Tout a déjà été dit, je dis bien tout. Les facteurs sociaux, les conditions de vie, les garçons sédentarisés, et vindicatifs, les filles plus fluides, et des syndicats de police en insurrection idéologique, puis les révoltes ou émeutes selon là où les regards se posent.

On ajoutera des mairies incendiées, ce qui est nouveau. Il faudra savoir lesquels mais ce sont les biens publics auxquels on s’attaque car il n’y a plus ce type de distinction dans le cerveau d’une jeunesse en sédition. Ce sont les États-Unis, nous sommes devenus américains. En 1965, lors des émeutes de Watts, les adolescents se lançaient à l’assaut des magasins pillés avec un terrible slogan, « Burn Baby Burn », en 1957 déjà Eisenhower avait dû recourir à une division blindée pour juguler l’émeute.

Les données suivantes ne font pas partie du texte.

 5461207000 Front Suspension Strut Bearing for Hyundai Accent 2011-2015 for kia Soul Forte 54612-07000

Or nous n’avons pas de Martin Luther King à notre disposition et Emmanuel Macron n’est ni l’un ni l’autre des frères Kennedy. Tous nous psalmodions le mot de République comme les pieux égrainent leur chapelet, et puis rien. Nous sommes les États-Unis, le pays de la réussite individuelle où les systèmes de protection sociale divisent la société au lieu de la réunir. Comme en France où l’on rallonge, en expédiant les débats, la vie au travail de deux ans de millions de salariés. Comme en France où une taxe absurde sur les carburants jette les français ruraux dans la rue avant qu’on l’abandonne après avoir laissé des dizaines de blessés sur le terrain.

Les fonctionnaires de police sortent rincés de ces épreuves. Eux aussi comptent leurs blessés. Ce sont souvent des jeunes gens issus du peuple. Un prolétariat de la sécurité. Beaucoup n’en peuvent plus et certains en veulent plus encore rêvant d’en finir une fois pour toutes avec « les nuisibles ». Le fascisme rode et guette ses proies.

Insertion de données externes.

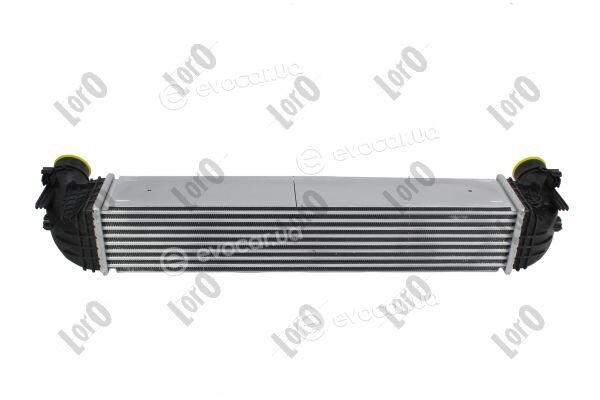 Depo / Loro 037-018-0023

On demande de condamner et si on ne le fait pas, on est complice. Une société de délation. Comment ne pas condamner l’assaut à la voiture-bélier du portail de la maison d’un maire et l’agression de sa famille. Évidence. Mais à quoi cela sent-il ? Car ce sont des palinodies de bonne conscience comme le sont les condoléances à la mère de Nahel.

Nous n’en sommes plus là.

Il faut que ces émeutes s’arrêtent au moindre mal pour tous. Et qu’avec empathie sinon avec lucidité s’impose la seule question qui vaille : que faire ? C’est de technologie sociale que les quartiers ont besoin. Les recettes néolibérales sont carbonisées. Que se réunissent des familles, de soutien social et scolaire en parrainage ou marrainage des femmes ou familles isolées ou en perdition. Qu’une main prenne une main. Que la médecine rentre dans les quartiers et notamment la psychiatrie car il y a une épidémie de sécession psychique, que les grands sportifs pros monitorent les clubs sportifs, que les étudiants des centres villes aident les professeurs en périphérie, cela vaudra une unité de valeur, que les maires conduisent la politique pénale dans des conseils de prévention de la violence avec les services de la justice, de la police, les services sociaux et les groupes de jeunes des quartiers ; bref, mettre les gens ensemble.

Et que soit repoussé le discours de la guerre civile qui montre son méchant museau de haine. C’est de fraternité que nous avons besoin. C’est la devise de la République qu’il faut mettre en œuvre, lever la tête, la relire et la comprendre.